TASK TO COMPLETE: From the data below, repeat exactly the lines from the line with "Mi7a Airpods 1." to the line with "Rita Verhaert", both included.

GIVEN RECORDS:
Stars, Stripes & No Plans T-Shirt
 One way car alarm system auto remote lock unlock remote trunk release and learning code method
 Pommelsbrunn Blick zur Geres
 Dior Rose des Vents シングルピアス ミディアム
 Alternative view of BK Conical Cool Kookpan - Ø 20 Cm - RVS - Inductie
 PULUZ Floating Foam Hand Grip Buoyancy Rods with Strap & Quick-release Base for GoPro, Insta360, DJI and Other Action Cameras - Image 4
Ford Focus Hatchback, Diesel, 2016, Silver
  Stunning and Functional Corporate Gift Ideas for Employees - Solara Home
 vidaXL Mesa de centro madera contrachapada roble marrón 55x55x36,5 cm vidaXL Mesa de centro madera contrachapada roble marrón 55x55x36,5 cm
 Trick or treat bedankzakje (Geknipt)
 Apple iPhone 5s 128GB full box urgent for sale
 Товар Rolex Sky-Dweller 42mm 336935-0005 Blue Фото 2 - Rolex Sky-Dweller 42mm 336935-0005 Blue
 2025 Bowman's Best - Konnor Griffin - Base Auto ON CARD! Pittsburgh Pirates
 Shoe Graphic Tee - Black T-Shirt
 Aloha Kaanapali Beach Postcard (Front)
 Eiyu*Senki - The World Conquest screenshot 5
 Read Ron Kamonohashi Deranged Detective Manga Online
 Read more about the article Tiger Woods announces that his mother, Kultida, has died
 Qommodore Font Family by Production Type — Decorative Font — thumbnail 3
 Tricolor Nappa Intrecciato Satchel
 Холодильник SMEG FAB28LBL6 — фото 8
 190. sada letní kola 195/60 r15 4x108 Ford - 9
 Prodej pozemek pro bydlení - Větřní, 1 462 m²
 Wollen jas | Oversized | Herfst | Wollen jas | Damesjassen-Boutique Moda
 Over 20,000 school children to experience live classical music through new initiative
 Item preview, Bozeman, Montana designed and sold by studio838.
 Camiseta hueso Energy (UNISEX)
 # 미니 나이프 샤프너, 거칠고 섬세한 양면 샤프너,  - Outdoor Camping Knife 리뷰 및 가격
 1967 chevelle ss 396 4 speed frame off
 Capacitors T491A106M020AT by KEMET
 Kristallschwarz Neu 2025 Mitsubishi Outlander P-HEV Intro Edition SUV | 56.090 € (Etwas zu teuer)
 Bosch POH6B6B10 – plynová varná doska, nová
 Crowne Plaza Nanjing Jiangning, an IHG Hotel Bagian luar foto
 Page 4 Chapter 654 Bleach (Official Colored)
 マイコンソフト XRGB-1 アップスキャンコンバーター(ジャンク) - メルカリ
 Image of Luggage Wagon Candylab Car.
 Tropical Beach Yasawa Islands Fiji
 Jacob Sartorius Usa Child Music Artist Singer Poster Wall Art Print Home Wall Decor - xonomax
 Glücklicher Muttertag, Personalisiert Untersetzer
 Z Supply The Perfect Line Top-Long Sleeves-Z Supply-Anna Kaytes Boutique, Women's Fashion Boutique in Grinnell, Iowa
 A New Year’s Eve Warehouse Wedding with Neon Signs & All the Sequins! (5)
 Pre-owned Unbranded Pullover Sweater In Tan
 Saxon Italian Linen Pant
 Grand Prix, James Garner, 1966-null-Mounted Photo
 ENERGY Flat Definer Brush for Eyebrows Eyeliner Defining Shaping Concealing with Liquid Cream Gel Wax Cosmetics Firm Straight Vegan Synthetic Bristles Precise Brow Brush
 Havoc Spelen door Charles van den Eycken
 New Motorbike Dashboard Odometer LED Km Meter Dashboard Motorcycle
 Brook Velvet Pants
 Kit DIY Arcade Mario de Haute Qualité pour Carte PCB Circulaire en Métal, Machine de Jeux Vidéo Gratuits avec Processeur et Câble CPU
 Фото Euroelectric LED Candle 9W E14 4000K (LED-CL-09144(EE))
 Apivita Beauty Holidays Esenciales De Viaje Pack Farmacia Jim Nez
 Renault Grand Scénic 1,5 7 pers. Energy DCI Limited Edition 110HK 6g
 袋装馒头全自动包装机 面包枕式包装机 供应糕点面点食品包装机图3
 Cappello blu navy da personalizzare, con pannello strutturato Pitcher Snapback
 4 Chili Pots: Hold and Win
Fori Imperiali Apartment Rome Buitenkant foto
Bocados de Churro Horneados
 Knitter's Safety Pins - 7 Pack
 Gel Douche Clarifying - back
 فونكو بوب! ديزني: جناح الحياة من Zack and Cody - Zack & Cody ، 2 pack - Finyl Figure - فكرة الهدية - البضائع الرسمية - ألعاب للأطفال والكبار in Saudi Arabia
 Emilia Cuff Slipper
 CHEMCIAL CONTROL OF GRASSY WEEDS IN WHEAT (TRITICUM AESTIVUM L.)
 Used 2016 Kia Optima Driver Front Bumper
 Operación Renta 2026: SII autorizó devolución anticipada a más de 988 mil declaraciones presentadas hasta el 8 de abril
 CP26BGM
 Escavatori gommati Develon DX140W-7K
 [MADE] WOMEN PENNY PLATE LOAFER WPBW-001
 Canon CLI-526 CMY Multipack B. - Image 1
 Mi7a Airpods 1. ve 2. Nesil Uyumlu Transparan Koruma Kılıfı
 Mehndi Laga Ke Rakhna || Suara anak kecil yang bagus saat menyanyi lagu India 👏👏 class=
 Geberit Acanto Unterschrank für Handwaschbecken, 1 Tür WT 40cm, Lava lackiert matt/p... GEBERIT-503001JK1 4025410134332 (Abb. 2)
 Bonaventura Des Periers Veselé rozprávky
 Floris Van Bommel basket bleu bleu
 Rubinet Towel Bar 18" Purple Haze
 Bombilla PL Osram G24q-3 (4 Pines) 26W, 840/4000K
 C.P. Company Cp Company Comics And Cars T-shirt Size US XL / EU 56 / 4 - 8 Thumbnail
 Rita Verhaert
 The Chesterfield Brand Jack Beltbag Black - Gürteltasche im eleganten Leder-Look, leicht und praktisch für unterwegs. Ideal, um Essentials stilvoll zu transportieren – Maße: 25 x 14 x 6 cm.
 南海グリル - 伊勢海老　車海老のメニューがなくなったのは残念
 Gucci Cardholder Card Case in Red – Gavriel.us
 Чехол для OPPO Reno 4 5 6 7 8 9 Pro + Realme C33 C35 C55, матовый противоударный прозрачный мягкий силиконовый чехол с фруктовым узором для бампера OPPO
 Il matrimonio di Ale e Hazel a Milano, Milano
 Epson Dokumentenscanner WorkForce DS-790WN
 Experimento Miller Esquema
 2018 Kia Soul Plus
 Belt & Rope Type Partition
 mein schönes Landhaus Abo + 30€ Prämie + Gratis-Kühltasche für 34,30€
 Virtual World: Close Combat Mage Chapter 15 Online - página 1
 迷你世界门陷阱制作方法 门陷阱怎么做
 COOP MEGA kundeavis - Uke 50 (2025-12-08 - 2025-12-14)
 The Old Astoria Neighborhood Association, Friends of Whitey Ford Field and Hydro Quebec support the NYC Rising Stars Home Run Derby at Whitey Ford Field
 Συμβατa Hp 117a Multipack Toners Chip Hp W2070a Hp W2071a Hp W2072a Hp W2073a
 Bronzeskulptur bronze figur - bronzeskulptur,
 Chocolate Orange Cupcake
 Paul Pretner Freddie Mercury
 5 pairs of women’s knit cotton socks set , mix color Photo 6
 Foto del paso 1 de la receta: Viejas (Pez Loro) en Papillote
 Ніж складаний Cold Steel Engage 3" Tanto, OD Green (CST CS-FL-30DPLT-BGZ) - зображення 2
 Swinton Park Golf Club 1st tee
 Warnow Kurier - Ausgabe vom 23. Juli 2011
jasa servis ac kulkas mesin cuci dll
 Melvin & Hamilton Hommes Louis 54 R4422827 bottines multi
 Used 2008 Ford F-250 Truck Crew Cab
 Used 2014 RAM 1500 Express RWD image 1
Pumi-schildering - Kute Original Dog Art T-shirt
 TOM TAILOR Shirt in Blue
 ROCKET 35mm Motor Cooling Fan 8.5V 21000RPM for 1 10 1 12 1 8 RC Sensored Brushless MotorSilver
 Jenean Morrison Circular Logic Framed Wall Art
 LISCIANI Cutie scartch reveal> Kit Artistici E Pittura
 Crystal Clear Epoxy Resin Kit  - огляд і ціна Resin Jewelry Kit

ANSWER SECTION:
 Mi7a Airpods 1. ve 2. Nesil Uyumlu Transparan Koruma Kılıfı
 Mehndi Laga Ke Rakhna || Suara anak kecil yang bagus saat menyanyi lagu India 👏👏 class=
 Geberit Acanto Unterschrank für Handwaschbecken, 1 Tür WT 40cm, Lava lackiert matt/p... GEBERIT-503001JK1 4025410134332 (Abb. 2)
 Bonaventura Des Periers Veselé rozprávky
 Floris Van Bommel basket bleu bleu
 Rubinet Towel Bar 18" Purple Haze
 Bombilla PL Osram G24q-3 (4 Pines) 26W, 840/4000K
 C.P. Company Cp Company Comics And Cars T-shirt Size US XL / EU 56 / 4 - 8 Thumbnail
 Rita Verhaert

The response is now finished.